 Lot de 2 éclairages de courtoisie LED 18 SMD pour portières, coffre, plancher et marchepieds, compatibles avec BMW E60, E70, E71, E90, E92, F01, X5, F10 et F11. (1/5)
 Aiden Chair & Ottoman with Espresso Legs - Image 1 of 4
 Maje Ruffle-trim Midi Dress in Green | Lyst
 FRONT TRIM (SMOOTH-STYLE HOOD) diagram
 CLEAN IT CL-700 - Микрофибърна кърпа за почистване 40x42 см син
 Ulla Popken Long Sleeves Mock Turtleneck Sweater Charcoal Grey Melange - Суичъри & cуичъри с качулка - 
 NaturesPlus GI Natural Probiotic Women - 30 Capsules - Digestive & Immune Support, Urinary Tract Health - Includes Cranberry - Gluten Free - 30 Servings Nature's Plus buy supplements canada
+-------+
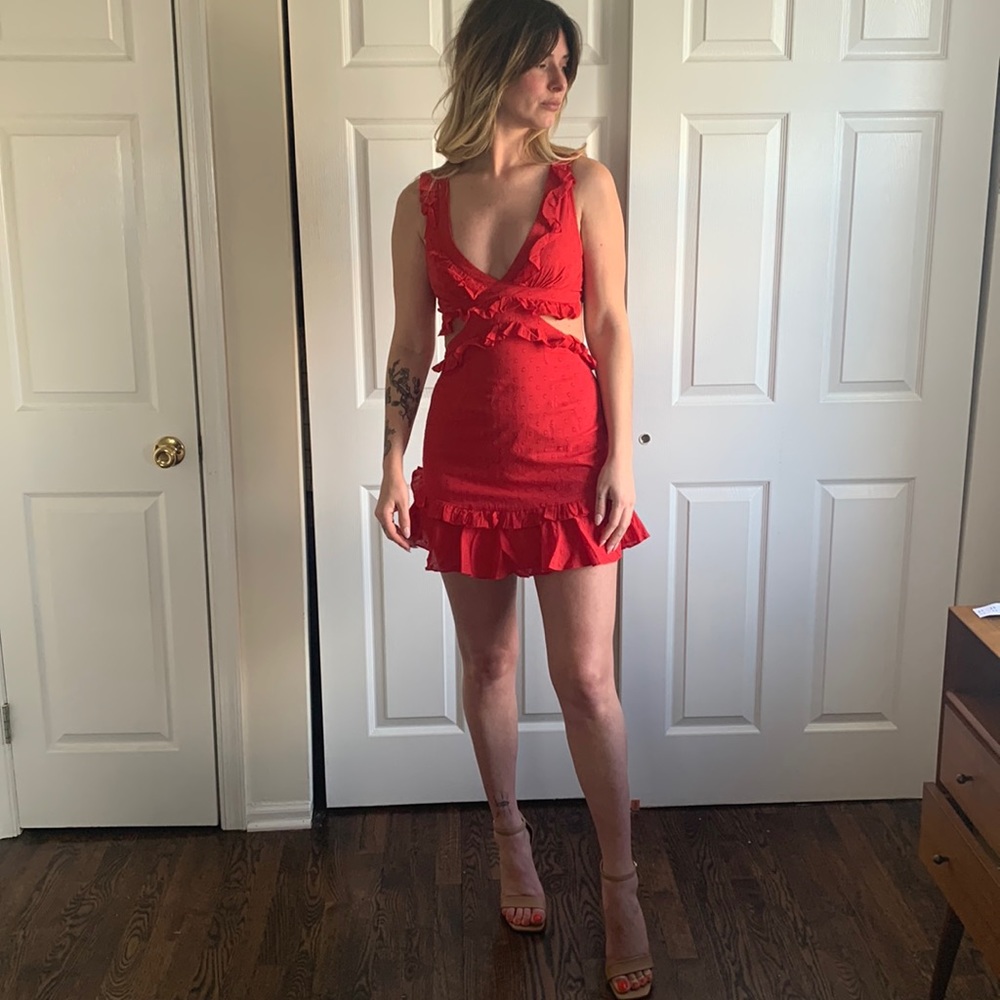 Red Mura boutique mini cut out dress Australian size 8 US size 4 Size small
+-------+
Task to complete → Above are the records; copy exactly the lines from the line with "Lot de 2 éclairages" through the line with "Ulla Popken Long", both included.

Solution →
 Lot de 2 éclairages de courtoisie LED 18 SMD pour portières, coffre, plancher et marchepieds, compatibles avec BMW E60, E70, E71, E90, E92, F01, X5, F10 et F11. (1/5)
 Aiden Chair & Ottoman with Espresso Legs - Image 1 of 4
 Maje Ruffle-trim Midi Dress in Green | Lyst
 FRONT TRIM (SMOOTH-STYLE HOOD) diagram
 CLEAN IT CL-700 - Микрофибърна кърпа за почистване 40x42 см син
 Ulla Popken Long Sleeves Mock Turtleneck Sweater Charcoal Grey Melange - Суичъри & cуичъри с качулка - 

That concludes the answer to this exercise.